▸ Task item
Please set down each of the lines below once more, exactly, omitting all pictures.
*** Opening Data extract ***
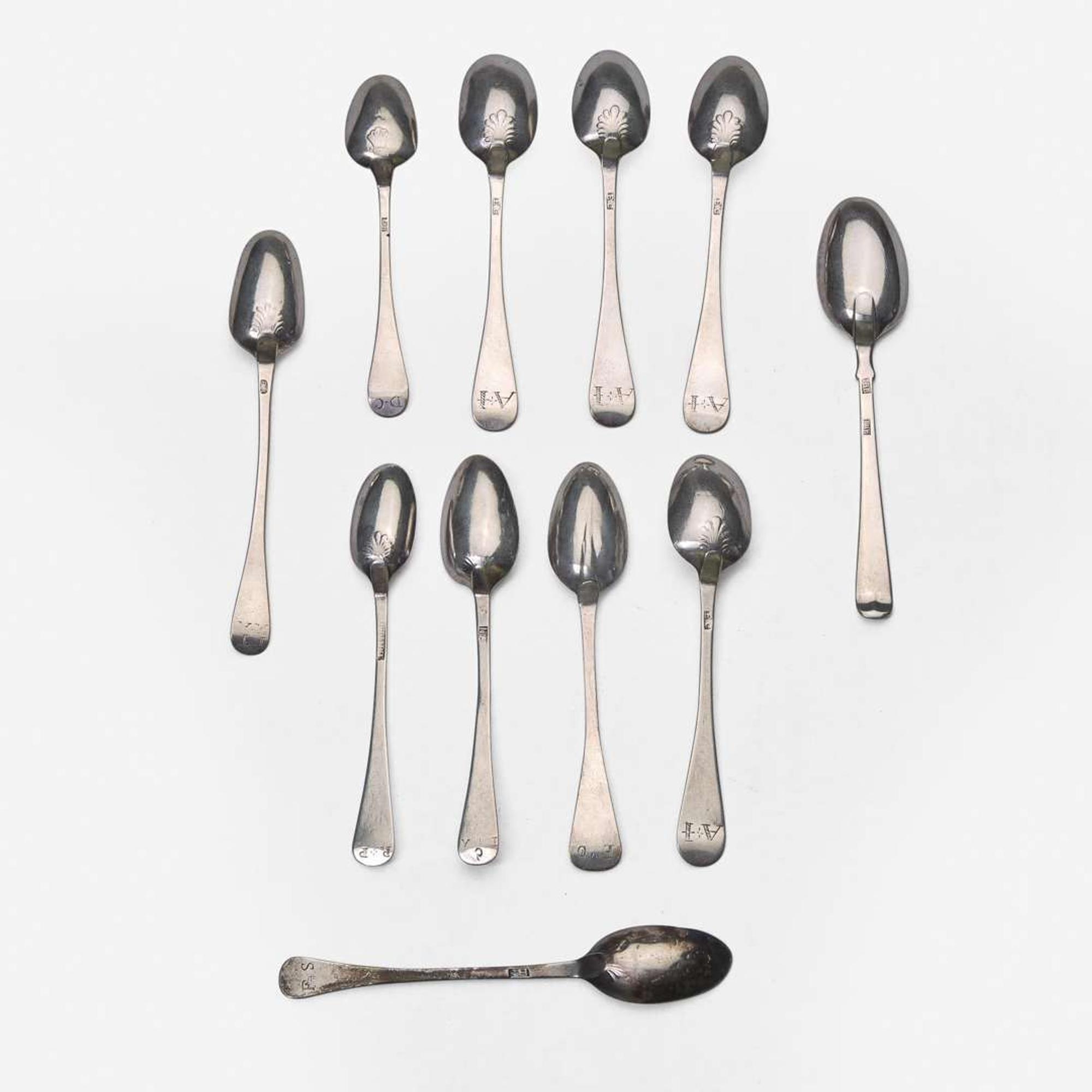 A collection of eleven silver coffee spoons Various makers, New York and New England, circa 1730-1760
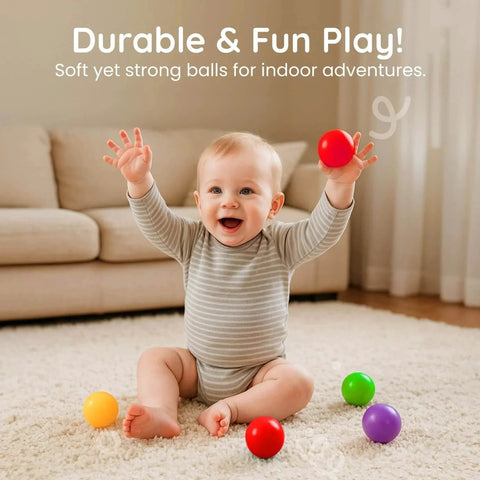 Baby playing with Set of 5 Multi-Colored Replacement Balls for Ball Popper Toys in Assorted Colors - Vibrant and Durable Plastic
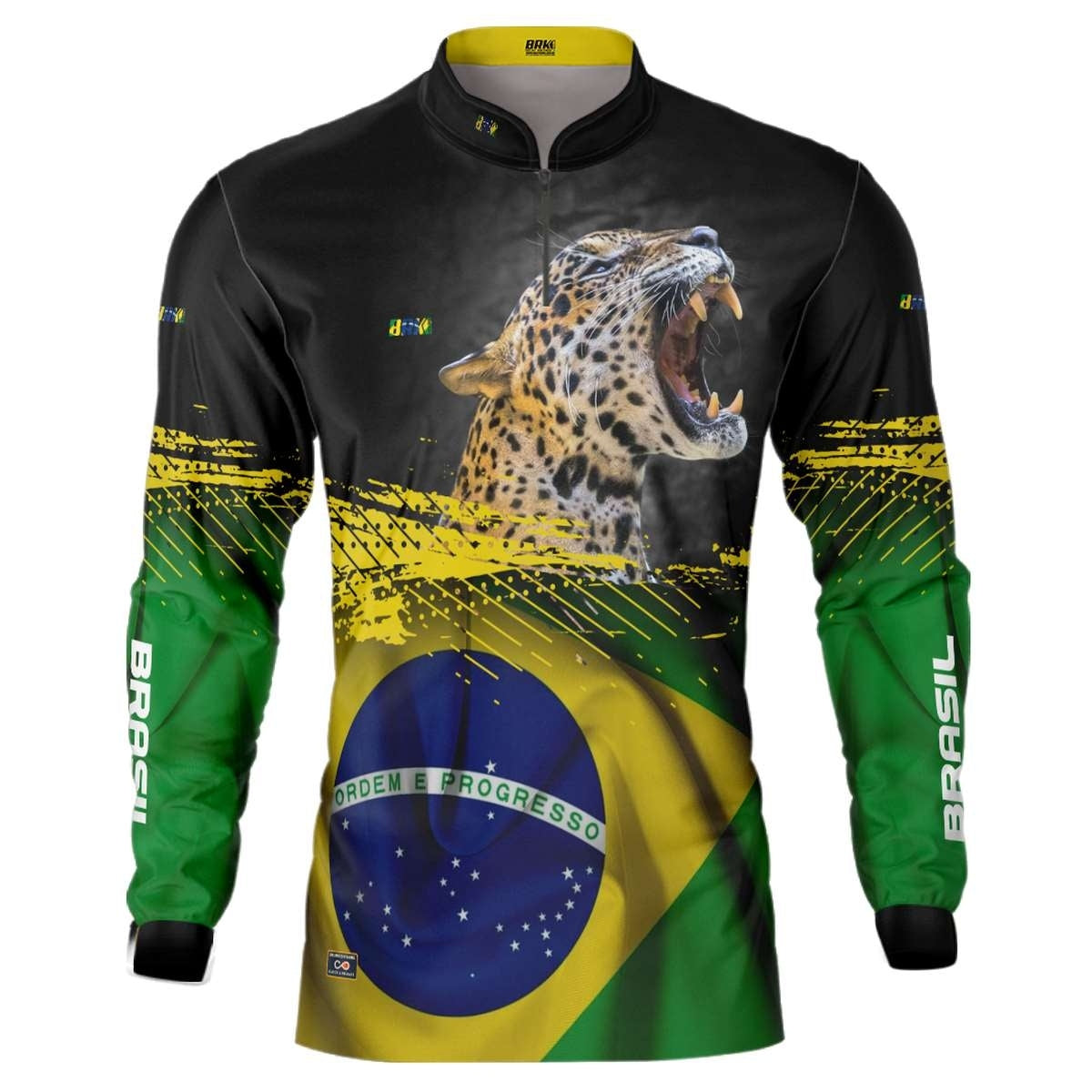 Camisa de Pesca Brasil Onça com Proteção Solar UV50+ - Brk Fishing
*** Closing Data extract ***
▸ Response
 A collection of eleven silver coffee spoons Various makers, New York and New England, circa 1730-1760
 Baby playing with Set of 5 Multi-Colored Replacement Balls for Ball Popper Toys in Assorted Colors - Vibrant and Durable Plastic
 Camisa de Pesca Brasil Onça com Proteção Solar UV50+ - Brk Fishing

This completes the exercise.